- TASK STATEMENT -
Only the lines from the top of the data through the line with "Navy not all" should be repeated, each exactly as written.

MATERIAL PROVIDED section start

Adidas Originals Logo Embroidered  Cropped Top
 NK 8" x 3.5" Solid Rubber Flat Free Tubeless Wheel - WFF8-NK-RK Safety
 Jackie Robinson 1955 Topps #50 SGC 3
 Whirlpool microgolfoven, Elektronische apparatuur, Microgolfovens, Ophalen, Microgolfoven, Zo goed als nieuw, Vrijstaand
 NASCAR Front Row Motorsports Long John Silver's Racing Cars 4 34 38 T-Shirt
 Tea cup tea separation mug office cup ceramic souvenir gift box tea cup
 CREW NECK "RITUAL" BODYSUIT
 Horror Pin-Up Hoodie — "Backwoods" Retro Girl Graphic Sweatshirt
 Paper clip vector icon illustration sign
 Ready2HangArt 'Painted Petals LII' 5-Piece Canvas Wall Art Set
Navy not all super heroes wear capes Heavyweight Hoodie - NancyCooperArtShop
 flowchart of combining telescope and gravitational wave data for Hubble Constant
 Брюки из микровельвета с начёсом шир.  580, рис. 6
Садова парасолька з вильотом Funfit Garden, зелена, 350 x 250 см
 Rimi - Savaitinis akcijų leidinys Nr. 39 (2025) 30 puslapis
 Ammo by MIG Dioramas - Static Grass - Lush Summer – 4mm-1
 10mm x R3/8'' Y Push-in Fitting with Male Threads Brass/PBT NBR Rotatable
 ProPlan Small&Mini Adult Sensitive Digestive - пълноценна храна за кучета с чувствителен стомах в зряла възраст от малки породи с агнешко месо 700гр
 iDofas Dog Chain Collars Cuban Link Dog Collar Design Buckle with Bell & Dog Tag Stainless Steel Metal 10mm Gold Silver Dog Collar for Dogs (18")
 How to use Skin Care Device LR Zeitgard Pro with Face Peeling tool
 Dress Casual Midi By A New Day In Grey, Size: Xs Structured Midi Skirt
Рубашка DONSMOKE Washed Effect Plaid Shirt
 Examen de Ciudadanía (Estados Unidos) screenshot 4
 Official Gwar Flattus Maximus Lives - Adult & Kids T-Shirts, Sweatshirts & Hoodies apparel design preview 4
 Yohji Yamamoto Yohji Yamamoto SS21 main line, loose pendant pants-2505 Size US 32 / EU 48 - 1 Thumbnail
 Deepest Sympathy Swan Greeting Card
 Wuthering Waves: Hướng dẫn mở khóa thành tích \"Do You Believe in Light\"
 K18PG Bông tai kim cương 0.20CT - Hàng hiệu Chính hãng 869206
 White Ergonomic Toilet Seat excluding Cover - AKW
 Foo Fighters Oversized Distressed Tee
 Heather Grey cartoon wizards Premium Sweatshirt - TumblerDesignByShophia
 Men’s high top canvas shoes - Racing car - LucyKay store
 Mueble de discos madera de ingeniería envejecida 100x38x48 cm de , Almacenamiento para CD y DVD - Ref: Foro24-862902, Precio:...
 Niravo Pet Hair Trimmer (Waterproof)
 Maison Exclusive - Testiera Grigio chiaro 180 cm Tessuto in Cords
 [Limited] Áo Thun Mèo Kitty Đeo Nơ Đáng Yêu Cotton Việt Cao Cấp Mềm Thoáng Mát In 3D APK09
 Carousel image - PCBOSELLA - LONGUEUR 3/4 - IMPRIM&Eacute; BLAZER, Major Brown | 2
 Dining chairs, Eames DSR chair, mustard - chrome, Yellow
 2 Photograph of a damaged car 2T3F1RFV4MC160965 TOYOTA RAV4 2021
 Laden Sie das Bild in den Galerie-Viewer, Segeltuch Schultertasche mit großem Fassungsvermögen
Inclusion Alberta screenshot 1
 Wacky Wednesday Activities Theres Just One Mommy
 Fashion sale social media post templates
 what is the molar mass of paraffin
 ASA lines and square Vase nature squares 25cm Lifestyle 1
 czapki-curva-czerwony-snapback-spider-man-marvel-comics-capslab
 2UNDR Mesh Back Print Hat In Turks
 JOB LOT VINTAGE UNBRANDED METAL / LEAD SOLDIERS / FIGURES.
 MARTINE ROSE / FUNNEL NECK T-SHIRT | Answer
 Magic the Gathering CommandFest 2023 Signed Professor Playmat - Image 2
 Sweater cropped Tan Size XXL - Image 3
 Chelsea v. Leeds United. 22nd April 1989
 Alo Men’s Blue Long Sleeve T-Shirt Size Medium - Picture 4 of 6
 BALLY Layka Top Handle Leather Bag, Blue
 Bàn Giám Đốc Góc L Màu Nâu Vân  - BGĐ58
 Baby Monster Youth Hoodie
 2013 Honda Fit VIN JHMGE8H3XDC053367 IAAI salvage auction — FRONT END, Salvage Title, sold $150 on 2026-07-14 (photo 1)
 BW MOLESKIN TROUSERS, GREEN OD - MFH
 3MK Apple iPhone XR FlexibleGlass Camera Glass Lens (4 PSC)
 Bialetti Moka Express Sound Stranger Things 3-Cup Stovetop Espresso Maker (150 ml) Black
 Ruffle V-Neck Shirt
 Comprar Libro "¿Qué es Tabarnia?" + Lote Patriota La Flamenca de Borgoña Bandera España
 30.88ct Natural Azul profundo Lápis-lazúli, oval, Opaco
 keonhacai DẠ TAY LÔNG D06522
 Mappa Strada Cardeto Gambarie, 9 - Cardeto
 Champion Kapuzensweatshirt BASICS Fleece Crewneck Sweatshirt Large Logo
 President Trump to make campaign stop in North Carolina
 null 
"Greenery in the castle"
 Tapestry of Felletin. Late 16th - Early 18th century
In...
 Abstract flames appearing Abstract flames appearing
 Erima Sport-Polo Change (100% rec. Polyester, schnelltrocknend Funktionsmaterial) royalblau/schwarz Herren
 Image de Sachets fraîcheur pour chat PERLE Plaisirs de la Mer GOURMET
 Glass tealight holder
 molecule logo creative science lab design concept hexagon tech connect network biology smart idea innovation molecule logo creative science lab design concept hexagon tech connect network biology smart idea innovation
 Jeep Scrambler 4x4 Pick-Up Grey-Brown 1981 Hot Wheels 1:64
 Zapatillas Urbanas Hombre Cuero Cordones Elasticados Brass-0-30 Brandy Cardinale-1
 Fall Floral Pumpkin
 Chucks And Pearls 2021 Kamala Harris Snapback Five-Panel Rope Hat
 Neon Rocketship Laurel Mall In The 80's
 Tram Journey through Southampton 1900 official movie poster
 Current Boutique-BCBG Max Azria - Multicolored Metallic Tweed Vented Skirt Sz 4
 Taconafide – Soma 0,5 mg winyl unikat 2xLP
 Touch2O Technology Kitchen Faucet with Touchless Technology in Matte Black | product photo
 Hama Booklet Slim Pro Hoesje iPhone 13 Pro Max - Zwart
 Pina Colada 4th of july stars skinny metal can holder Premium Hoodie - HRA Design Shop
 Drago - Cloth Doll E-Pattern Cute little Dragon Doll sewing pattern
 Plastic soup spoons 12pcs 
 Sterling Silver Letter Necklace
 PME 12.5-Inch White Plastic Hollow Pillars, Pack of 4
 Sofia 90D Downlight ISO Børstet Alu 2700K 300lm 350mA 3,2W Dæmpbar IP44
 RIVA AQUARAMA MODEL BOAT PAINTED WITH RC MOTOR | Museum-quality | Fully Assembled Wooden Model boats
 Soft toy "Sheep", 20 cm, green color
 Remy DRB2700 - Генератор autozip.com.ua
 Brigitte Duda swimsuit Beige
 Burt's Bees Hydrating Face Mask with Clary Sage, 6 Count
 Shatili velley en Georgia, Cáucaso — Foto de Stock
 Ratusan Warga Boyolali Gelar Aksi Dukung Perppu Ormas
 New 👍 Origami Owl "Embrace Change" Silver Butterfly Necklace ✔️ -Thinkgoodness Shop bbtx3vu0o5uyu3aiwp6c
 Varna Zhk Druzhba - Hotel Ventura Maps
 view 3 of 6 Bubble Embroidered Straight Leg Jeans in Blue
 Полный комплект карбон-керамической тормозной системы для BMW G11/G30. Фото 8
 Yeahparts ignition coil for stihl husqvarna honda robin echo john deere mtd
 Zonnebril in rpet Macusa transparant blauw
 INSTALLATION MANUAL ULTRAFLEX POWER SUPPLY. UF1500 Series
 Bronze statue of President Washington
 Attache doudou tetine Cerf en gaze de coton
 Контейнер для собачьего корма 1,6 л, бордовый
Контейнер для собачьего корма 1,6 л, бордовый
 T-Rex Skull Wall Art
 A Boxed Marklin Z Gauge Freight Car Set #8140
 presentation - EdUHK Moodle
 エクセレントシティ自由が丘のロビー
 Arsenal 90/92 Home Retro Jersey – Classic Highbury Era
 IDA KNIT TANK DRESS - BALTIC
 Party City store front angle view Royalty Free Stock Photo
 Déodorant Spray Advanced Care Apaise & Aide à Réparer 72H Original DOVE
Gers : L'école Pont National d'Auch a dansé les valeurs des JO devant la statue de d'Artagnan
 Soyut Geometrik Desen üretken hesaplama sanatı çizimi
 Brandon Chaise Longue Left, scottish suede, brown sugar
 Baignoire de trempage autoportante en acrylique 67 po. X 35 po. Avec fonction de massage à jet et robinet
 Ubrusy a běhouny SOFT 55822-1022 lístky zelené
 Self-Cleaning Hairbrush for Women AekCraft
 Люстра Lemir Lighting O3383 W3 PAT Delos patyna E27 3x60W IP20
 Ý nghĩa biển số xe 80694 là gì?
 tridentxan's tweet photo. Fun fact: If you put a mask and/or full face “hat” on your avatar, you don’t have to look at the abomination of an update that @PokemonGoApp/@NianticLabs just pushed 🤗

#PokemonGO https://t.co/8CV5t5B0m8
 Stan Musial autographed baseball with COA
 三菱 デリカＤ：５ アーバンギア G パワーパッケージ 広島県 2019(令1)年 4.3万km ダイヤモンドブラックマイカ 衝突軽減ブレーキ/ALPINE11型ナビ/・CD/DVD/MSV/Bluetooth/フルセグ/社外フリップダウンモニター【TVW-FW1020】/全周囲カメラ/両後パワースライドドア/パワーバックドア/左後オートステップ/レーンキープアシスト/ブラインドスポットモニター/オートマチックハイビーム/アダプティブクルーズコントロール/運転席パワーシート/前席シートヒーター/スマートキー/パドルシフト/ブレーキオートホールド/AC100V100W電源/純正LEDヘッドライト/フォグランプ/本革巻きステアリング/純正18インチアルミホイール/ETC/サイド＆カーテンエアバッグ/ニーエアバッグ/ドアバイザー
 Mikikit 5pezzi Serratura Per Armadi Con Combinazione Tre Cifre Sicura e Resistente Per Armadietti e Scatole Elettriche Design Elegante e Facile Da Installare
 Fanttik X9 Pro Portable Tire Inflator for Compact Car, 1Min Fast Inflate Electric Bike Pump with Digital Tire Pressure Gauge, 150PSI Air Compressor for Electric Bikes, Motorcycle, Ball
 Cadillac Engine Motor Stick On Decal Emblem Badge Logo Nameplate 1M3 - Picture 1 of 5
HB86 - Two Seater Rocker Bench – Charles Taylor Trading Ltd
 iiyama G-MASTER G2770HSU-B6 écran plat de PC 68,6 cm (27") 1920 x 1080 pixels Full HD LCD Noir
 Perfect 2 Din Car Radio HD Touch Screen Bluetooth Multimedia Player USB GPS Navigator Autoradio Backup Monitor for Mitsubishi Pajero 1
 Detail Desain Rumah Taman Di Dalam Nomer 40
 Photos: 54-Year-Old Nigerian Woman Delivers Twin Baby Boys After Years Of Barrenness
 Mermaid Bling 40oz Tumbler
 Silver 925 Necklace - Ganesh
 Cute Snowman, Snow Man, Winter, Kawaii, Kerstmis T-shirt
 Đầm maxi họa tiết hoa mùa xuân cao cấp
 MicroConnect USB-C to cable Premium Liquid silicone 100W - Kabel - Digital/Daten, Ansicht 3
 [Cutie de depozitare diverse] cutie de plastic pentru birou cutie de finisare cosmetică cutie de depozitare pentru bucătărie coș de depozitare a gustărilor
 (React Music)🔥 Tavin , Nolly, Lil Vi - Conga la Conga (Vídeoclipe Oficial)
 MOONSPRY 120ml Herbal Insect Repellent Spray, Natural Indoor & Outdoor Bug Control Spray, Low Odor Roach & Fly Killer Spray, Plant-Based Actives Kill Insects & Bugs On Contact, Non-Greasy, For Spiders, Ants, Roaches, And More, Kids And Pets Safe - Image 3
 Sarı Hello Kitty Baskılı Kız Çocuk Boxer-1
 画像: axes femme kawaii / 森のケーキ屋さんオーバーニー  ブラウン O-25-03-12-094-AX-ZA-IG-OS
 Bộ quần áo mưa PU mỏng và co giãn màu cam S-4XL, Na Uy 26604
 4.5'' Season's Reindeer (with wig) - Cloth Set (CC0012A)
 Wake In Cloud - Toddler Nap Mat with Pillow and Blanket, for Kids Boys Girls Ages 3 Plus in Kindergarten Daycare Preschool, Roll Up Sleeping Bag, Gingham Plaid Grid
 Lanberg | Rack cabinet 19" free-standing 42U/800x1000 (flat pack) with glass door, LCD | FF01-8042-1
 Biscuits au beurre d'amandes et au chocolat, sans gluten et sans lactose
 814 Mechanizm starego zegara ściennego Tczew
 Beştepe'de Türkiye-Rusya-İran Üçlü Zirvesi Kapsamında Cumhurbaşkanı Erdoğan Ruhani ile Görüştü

MATERIAL PROVIDED section end

- RESPONSE BELOW -
Adidas Originals Logo Embroidered  Cropped Top
 NK 8" x 3.5" Solid Rubber Flat Free Tubeless Wheel - WFF8-NK-RK Safety
 Jackie Robinson 1955 Topps #50 SGC 3
 Whirlpool microgolfoven, Elektronische apparatuur, Microgolfovens, Ophalen, Microgolfoven, Zo goed als nieuw, Vrijstaand
 NASCAR Front Row Motorsports Long John Silver's Racing Cars 4 34 38 T-Shirt
 Tea cup tea separation mug office cup ceramic souvenir gift box tea cup
 CREW NECK "RITUAL" BODYSUIT
 Horror Pin-Up Hoodie — "Backwoods" Retro Girl Graphic Sweatshirt
 Paper clip vector icon illustration sign
 Ready2HangArt 'Painted Petals LII' 5-Piece Canvas Wall Art Set
Navy not all super heroes wear capes Heavyweight Hoodie - NancyCooperArtShop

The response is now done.